Please repeat only the lines below starting at the line that holds "Patroli Polsek Sabangau" and ending at the line that holds "Immagine composita di", exactly, with both of those lines included and every picture omitted.

Data for processing:
+ + +

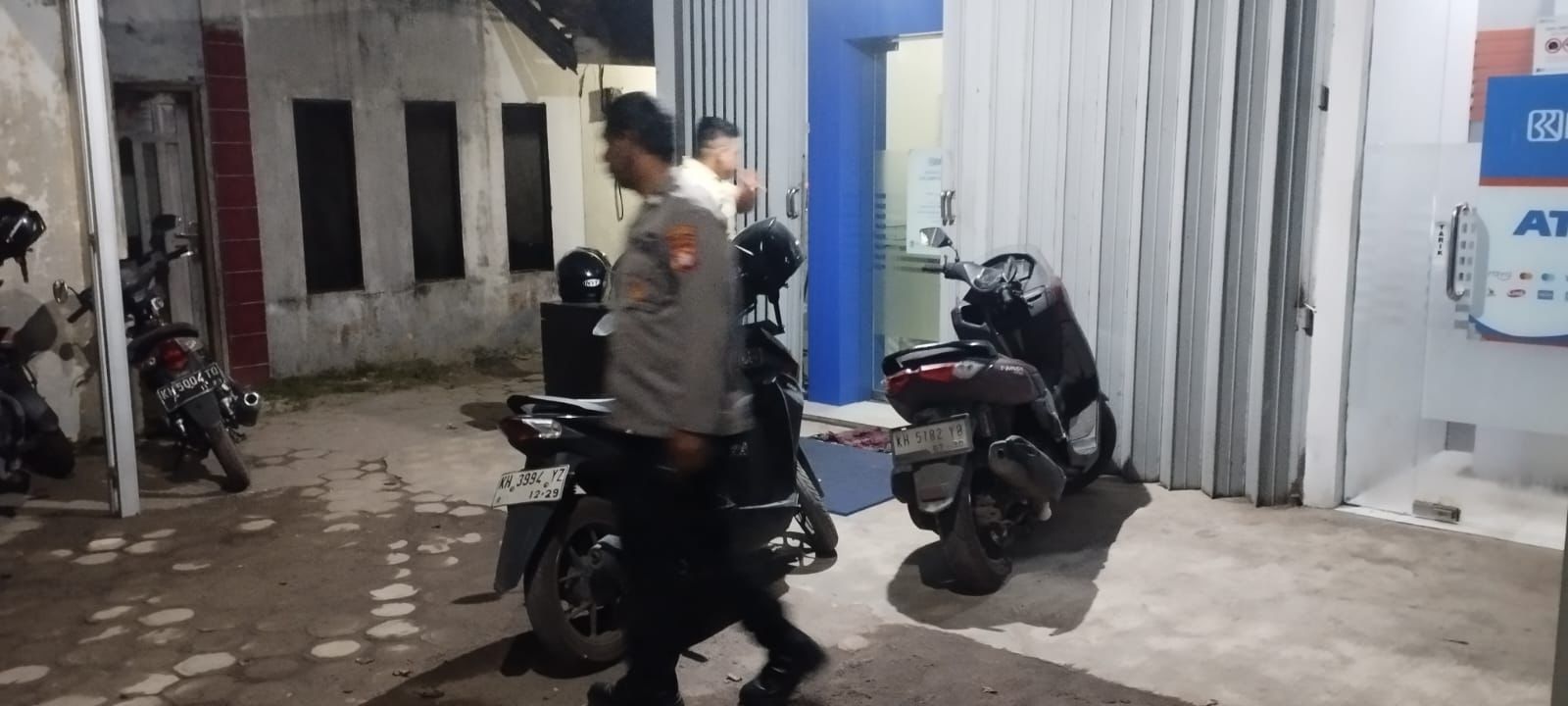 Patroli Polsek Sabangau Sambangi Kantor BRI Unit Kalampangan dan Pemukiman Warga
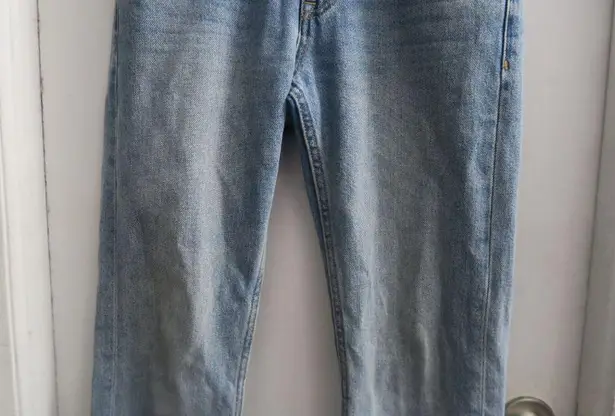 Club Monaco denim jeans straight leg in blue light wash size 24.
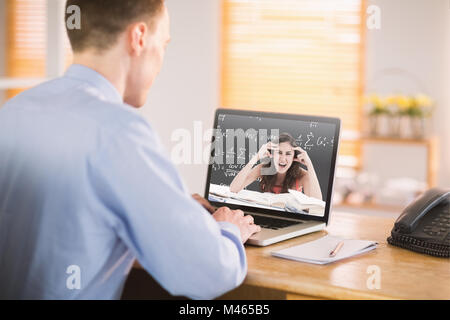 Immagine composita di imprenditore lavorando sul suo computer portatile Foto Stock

+ + +

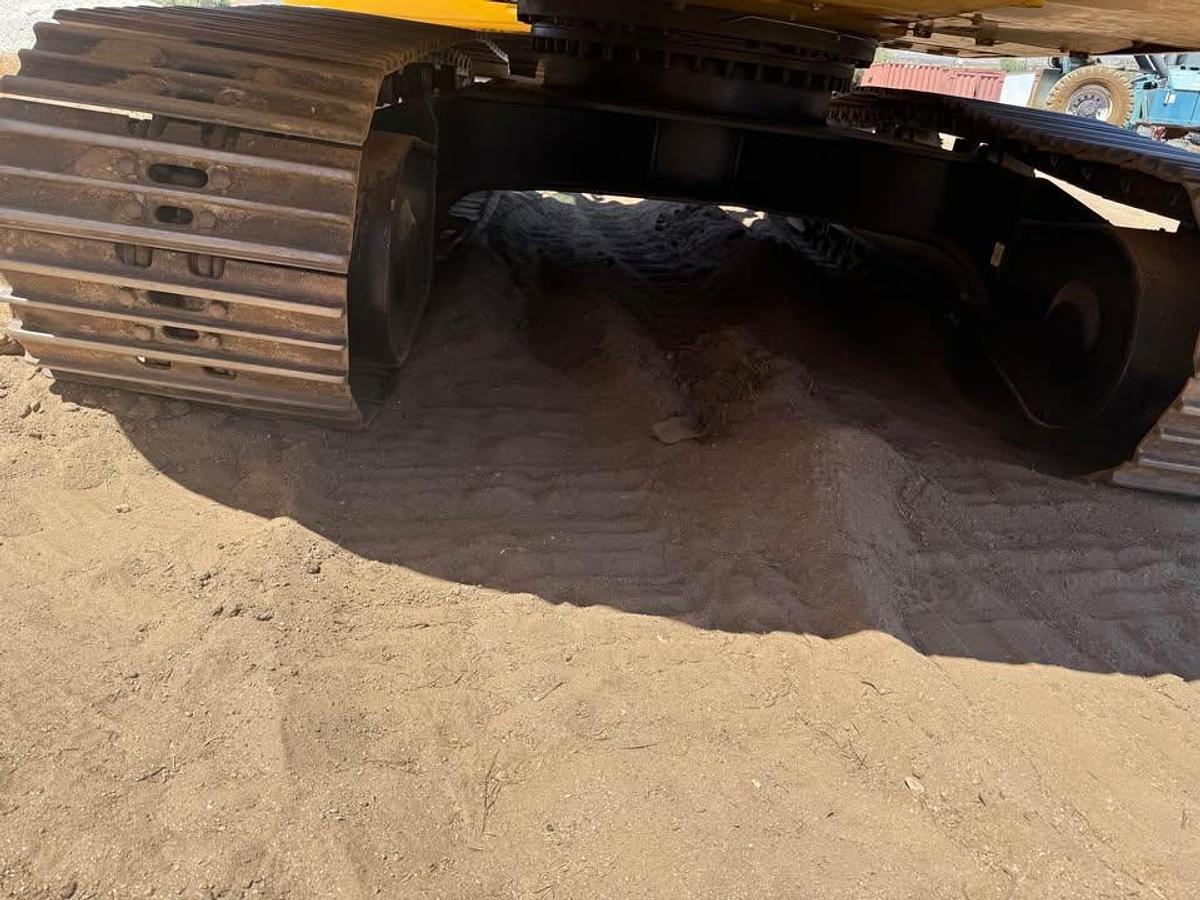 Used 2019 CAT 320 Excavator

+ + +

Result:
 Patroli Polsek Sabangau Sambangi Kantor BRI Unit Kalampangan dan Pemukiman Warga
 Club Monaco denim jeans straight leg in blue light wash size 24.
 Immagine composita di imprenditore lavorando sul suo computer portatile Foto Stock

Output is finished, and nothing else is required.